January 1, 2013

by | Jan 1, 2013 | 2013

Books of the Week:

  • Gone Girl, Gillian Flynn
  • The Trouble With Fate, Leigh Evans
  • The Dirty Streets of Heaven, Tad Williams

You know how you can get your back up about books that just sell and sell and sell? How you kind of build up a negative attitude about them? Especially when the book comes out on top of all the lists there are?

 

And then you read the book and it’s great and you feel like an idiot.

 

Okay, I was that way about Gone Girl. It made nearly every single “best of” list for 2012. As some of you may recall, I am extra sensitive about best-of and worst-of lists after a painful incident with Entertainment Weekly at the end of 2011.

 

Gone Girl deserves every good thing said about it.
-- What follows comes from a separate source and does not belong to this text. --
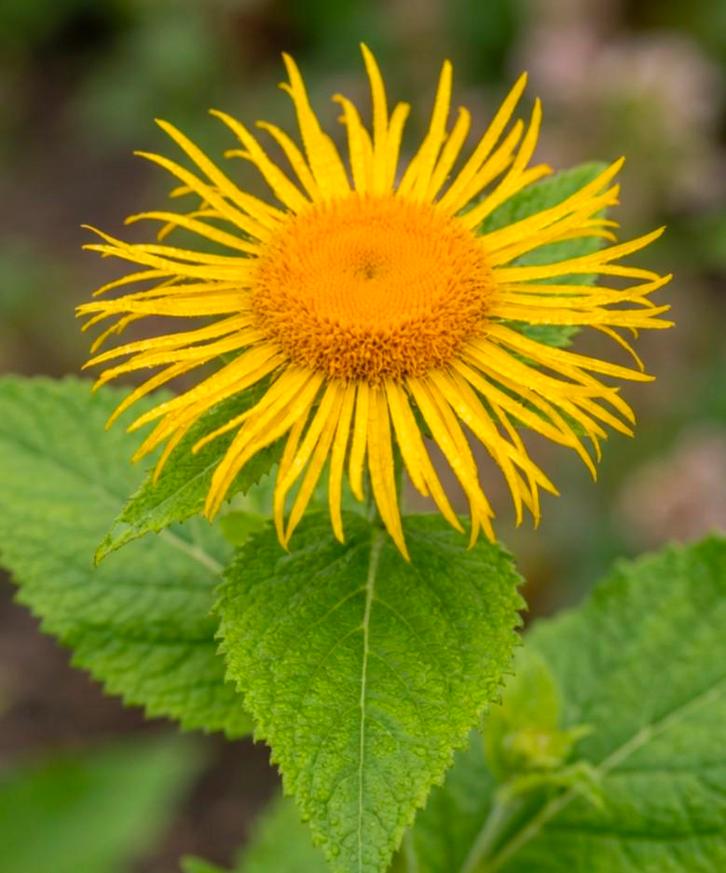 Grote koeienoog (vaste plant), Tuin en Terras, Bloembollen en Zaden, Ophalen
It’s a brilliant book, with twists and turns and revelations and catastrophes, and it’s the most precise dissection of a marriage I’ve ever seen. Then there’s the breathless did-he-or-did-she? question. I’m not going to give you a blow-by-blow of the plot, because it’s just too rich, but it’s a whodunit on many levels.

 

Our own Leigh Evans has published her first book. I feel like a godmother, since Leigh has been so generous about giving me so much credit about spurring her creativity. But of course, Leigh herself wrote this book, and I read it with considerable suspense. The Trouble with

 

Fate, as so many of you already know, is an excellent book. I know that Leigh was perturbed that one reviewer termed it dark fantasy, but I would not say that was an inaccurate statement. Hedi, the half-were half-fae thieving heroine, experiences terrible things along the way, though she lives to see the end of the book and is set up to fight another day. But the course of Hedi’s true love hardly runs smooth, and the attractively battered Robson Trowbridge may or may not make it back to her. I can hardly wait to find out.

 

The Dirty Streets of Heaven, by acclaimed science fiction writer Tad Williams, is a hunk of urban fantasy in which angels walk the streets of earth waiting to be given their assignments to advocate for souls which may go to either heaven or hell or purgatory. The angel protagonist, Bobby Dollar, is not a typical angelic recruit (of course), but he is genuinely concerned when a soul simply vanishes. The plot becomes increasingly complicated and Bobby’s woes multiply in an exponential fashion. There are some genuinely touching moments in this book, and if you’ve ever had the pleasure of reading a Williams book, you’ll want to put this one on your TBR pile.

Blog

I don’t make New Year’s Resolutions, because inevitably I end up disappointing myself. For those of you who actually do take off that twenty pounds, learn Russian, and take up pole dancing, my hat is off. You are made of sterner stuff than I am.

 

Since I can’t up to the disillusionment of making promises I don’t keep, I try to make New Year’s Wishes instead.

 

On second thought, I’ll call them “hopes.”

 

And here they are! My hopes for 2013!

  • I hope for many good books to read.
  • I hope that I will find the time and/or courage to do something I’ve never done before. That is pretty likely to happen, since I get surprising requests at least twice a year.
  • I hope that I will be kind to people, both in my thoughts and in my actions.
  • I hope that I will not speak in anger, until I’ve considered the situation. I have a terrible habit of discovering I am WRONG when I blurt something out in anger.
  • I hope that all my writer friends sell heaping amounts of books.

 

After that, I get into more personal hopes, centering around the health of my family and friends. But you get the idea.

 

I would love to hope for (and I do hope for) an instant economic turnaround, world peace, plenty of clean water, and a cure for AIDS; oh, and legal marriage in every state for people who love each other, and an end to war. But I think my actual list is somewhat more doable.

 

What’s your most passionate hope for the New Year?